■ **Task statement**: Write out each entry word for word.
Records provided START
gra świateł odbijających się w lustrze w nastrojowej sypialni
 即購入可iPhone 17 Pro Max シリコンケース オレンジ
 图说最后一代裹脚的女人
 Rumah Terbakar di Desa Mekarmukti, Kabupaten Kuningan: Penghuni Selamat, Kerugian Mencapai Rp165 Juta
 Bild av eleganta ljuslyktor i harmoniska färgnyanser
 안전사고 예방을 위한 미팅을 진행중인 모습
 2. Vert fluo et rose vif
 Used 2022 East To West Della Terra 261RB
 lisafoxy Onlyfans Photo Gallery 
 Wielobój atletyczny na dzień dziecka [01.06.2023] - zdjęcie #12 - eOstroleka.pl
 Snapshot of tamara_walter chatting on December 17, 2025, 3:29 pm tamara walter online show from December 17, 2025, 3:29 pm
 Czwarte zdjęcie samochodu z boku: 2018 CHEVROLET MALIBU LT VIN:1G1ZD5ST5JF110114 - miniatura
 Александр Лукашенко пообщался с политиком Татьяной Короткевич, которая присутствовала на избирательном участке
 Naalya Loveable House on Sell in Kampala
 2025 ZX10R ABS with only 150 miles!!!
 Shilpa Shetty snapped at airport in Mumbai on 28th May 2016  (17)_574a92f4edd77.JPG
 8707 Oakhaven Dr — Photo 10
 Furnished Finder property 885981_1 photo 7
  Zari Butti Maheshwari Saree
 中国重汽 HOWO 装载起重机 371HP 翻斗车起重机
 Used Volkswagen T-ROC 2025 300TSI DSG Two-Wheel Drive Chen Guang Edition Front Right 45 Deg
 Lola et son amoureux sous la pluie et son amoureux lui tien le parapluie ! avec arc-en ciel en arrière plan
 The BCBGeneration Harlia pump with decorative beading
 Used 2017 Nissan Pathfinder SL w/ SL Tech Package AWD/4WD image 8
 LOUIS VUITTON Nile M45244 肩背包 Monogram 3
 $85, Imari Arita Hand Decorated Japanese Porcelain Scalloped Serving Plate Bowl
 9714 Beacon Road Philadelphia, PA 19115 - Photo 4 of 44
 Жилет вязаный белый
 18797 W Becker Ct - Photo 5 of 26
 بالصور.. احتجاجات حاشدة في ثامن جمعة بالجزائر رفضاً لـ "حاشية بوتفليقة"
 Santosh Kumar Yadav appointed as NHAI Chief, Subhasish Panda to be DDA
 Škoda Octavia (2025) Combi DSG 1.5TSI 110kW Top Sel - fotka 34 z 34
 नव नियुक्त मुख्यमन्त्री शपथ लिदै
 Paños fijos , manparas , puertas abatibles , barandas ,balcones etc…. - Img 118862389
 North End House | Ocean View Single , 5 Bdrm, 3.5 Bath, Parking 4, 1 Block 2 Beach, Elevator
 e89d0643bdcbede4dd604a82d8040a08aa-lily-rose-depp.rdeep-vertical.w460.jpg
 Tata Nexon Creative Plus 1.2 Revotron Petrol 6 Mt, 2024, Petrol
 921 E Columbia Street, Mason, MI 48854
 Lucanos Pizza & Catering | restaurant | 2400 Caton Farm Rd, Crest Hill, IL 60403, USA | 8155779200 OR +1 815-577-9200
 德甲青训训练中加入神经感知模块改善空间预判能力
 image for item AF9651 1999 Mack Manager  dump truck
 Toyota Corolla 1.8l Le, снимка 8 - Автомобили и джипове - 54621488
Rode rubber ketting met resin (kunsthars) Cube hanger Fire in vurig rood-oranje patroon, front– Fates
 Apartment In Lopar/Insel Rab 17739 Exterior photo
Records provided END
■ **Answer box**:
gra świateł odbijających się w lustrze w nastrojowej sypialni
 即購入可iPhone 17 Pro Max シリコンケース オレンジ
 图说最后一代裹脚的女人
 Rumah Terbakar di Desa Mekarmukti, Kabupaten Kuningan: Penghuni Selamat, Kerugian Mencapai Rp165 Juta
 Bild av eleganta ljuslyktor i harmoniska färgnyanser
 안전사고 예방을 위한 미팅을 진행중인 모습
 2. Vert fluo et rose vif
 Used 2022 East To West Della Terra 261RB
 lisafoxy Onlyfans Photo Gallery 
 Wielobój atletyczny na dzień dziecka [01.06.2023] - zdjęcie #12 - eOstroleka.pl
 Snapshot of tamara_walter chatting on December 17, 2025, 3:29 pm tamara walter online show from December 17, 2025, 3:29 pm
 Czwarte zdjęcie samochodu z boku: 2018 CHEVROLET MALIBU LT VIN:1G1ZD5ST5JF110114 - miniatura
 Александр Лукашенко пообщался с политиком Татьяной Короткевич, которая присутствовала на избирательном участке
 Naalya Loveable House on Sell in Kampala
 2025 ZX10R ABS with only 150 miles!!!
 Shilpa Shetty snapped at airport in Mumbai on 28th May 2016  (17)_574a92f4edd77.JPG
 8707 Oakhaven Dr — Photo 10
 Furnished Finder property 885981_1 photo 7
  Zari Butti Maheshwari Saree
 中国重汽 HOWO 装载起重机 371HP 翻斗车起重机
 Used Volkswagen T-ROC 2025 300TSI DSG Two-Wheel Drive Chen Guang Edition Front Right 45 Deg
 Lola et son amoureux sous la pluie et son amoureux lui tien le parapluie ! avec arc-en ciel en arrière plan
 The BCBGeneration Harlia pump with decorative beading
 Used 2017 Nissan Pathfinder SL w/ SL Tech Package AWD/4WD image 8
 LOUIS VUITTON Nile M45244 肩背包 Monogram 3
 $85, Imari Arita Hand Decorated Japanese Porcelain Scalloped Serving Plate Bowl
 9714 Beacon Road Philadelphia, PA 19115 - Photo 4 of 44
 Жилет вязаный белый
 18797 W Becker Ct - Photo 5 of 26
 بالصور.. احتجاجات حاشدة في ثامن جمعة بالجزائر رفضاً لـ "حاشية بوتفليقة"
 Santosh Kumar Yadav appointed as NHAI Chief, Subhasish Panda to be DDA
 Škoda Octavia (2025) Combi DSG 1.5TSI 110kW Top Sel - fotka 34 z 34
 नव नियुक्त मुख्यमन्त्री शपथ लिदै
 Paños fijos , manparas , puertas abatibles , barandas ,balcones etc…. - Img 118862389
 North End House | Ocean View Single , 5 Bdrm, 3.5 Bath, Parking 4, 1 Block 2 Beach, Elevator
 e89d0643bdcbede4dd604a82d8040a08aa-lily-rose-depp.rdeep-vertical.w460.jpg
 Tata Nexon Creative Plus 1.2 Revotron Petrol 6 Mt, 2024, Petrol
 921 E Columbia Street, Mason, MI 48854
 Lucanos Pizza & Catering | restaurant | 2400 Caton Farm Rd, Crest Hill, IL 60403, USA | 8155779200 OR +1 815-577-9200
 德甲青训训练中加入神经感知模块改善空间预判能力
 image for item AF9651 1999 Mack Manager  dump truck
 Toyota Corolla 1.8l Le, снимка 8 - Автомобили и джипове - 54621488
Rode rubber ketting met resin (kunsthars) Cube hanger Fire in vurig rood-oranje patroon, front– Fates
 Apartment In Lopar/Insel Rab 17739 Exterior photo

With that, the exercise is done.